**Task objective**.
Using the listing below, reproduce exactly the lines from the one with "a living room" through the last, with all pictures left out.

**Given records**.
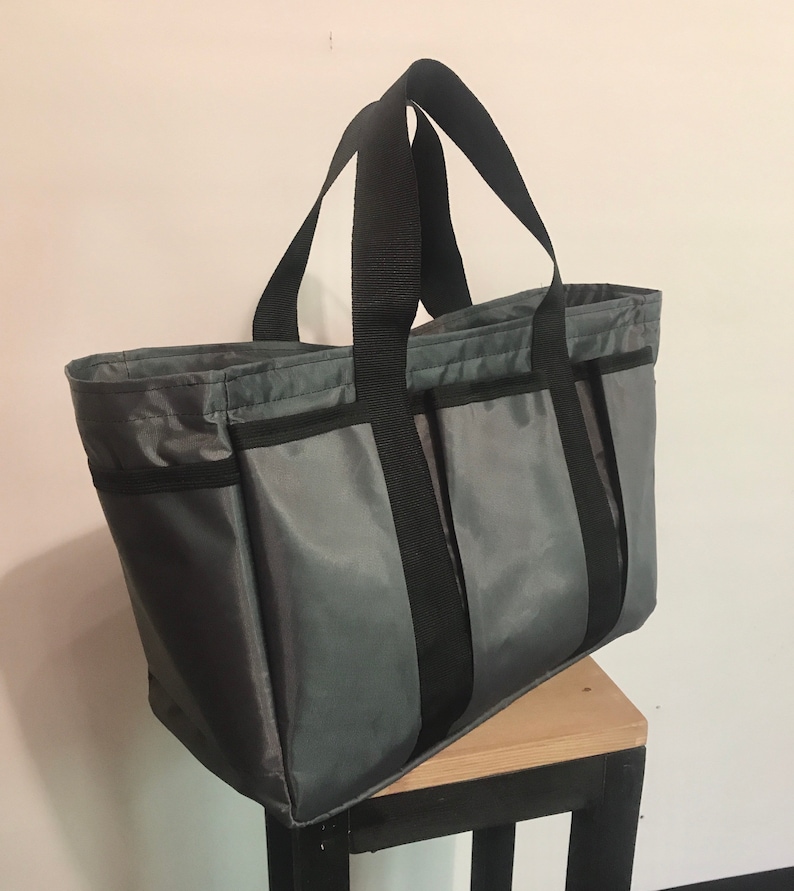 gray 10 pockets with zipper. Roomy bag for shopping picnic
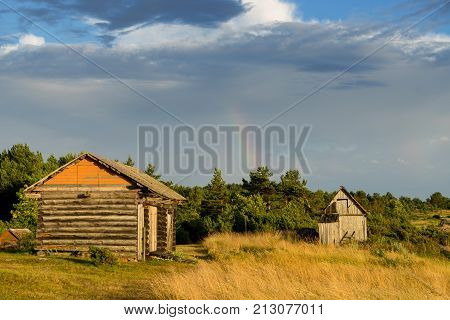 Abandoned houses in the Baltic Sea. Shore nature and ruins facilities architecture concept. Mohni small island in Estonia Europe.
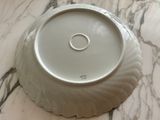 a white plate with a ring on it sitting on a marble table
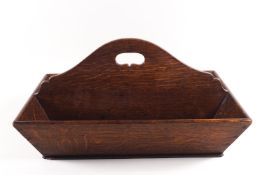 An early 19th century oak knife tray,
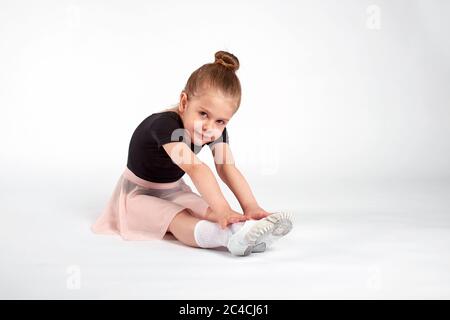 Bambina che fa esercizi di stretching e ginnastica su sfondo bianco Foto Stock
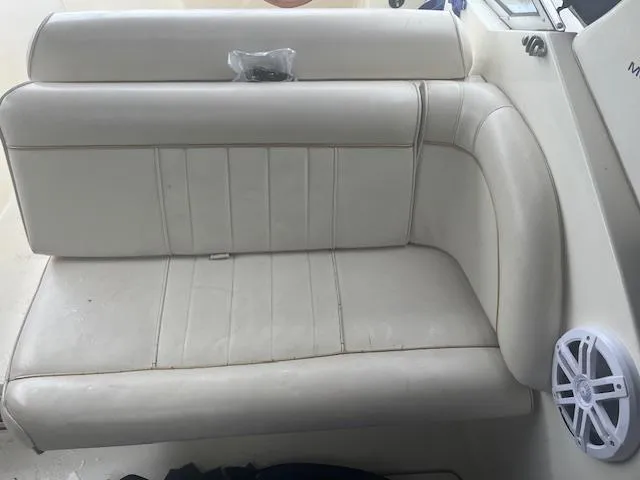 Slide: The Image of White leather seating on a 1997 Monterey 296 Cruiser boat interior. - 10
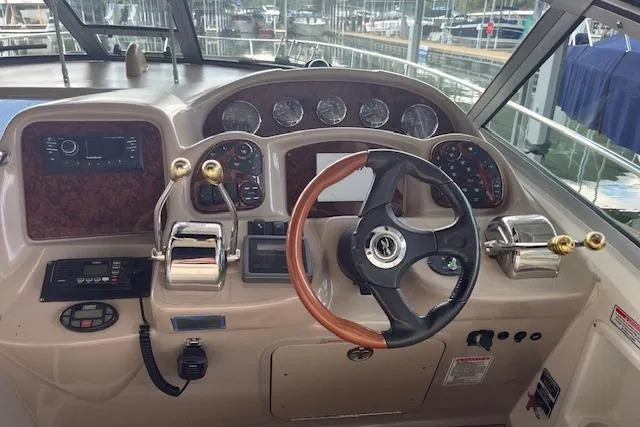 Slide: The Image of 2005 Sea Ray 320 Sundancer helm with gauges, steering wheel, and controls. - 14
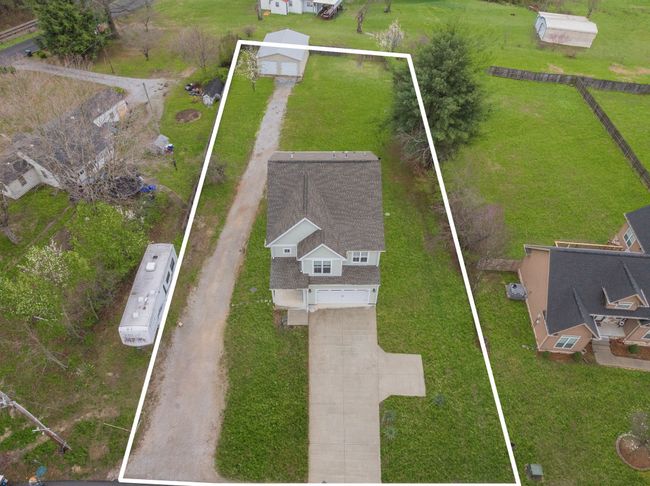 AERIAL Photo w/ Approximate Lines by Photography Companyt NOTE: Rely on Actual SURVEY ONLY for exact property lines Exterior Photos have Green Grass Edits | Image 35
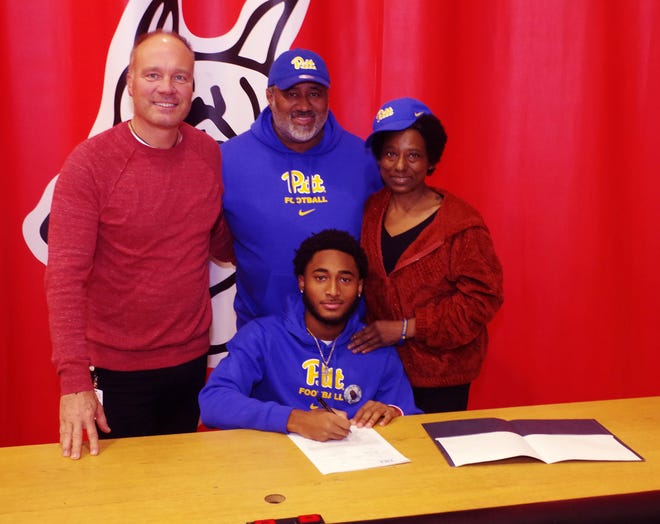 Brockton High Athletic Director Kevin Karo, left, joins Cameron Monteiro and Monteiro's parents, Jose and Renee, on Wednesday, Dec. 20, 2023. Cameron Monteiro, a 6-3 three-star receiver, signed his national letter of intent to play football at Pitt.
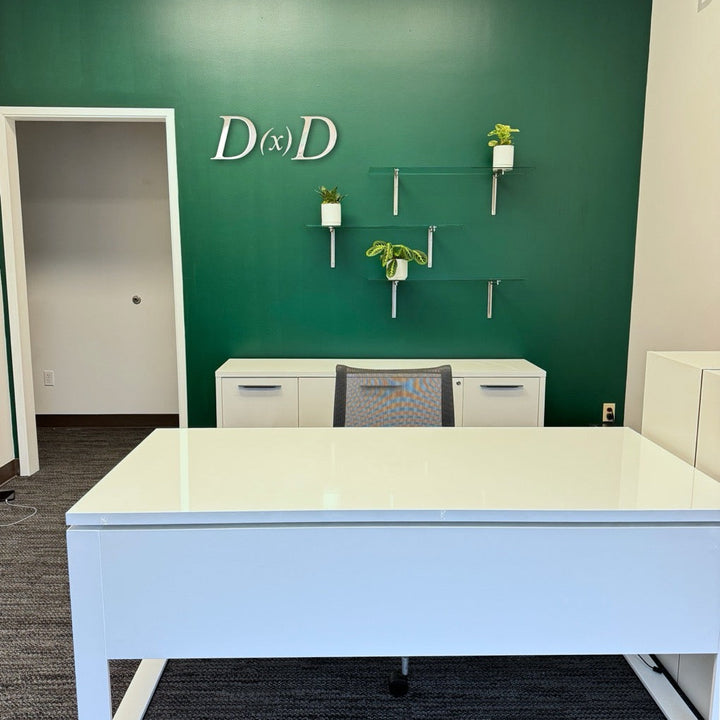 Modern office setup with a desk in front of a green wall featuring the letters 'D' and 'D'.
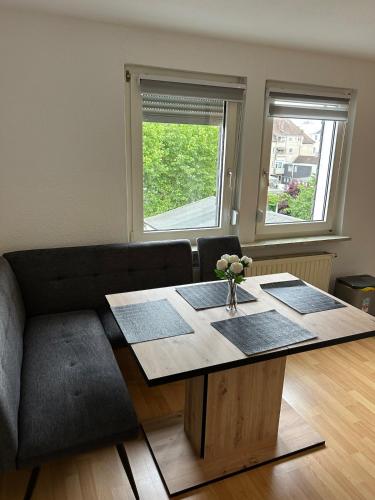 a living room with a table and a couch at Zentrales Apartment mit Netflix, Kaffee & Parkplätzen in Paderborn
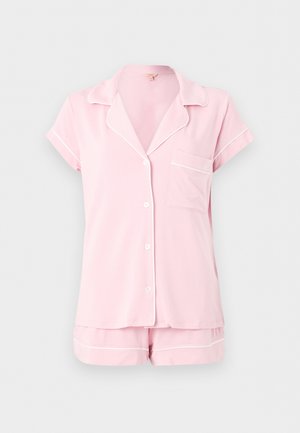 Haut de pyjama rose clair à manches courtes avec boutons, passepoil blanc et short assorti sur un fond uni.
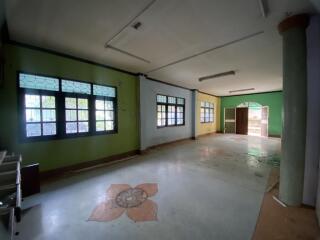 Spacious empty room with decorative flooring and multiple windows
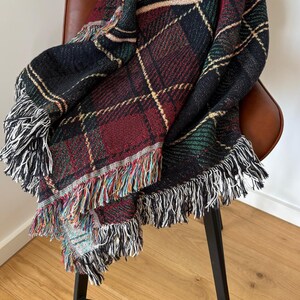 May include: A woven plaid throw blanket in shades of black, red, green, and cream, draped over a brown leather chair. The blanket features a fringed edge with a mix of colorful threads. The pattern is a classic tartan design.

**Reply**.
 a living room with a table and a couch at Zentrales Apartment mit Netflix, Kaffee & Parkplätzen in Paderborn
 Haut de pyjama rose clair à manches courtes avec boutons, passepoil blanc et short assorti sur un fond uni.
 Spacious empty room with decorative flooring and multiple windows
 May include: A woven plaid throw blanket in shades of black, red, green, and cream, draped over a brown leather chair. The blanket features a fringed edge with a mix of colorful threads. The pattern is a classic tartan design.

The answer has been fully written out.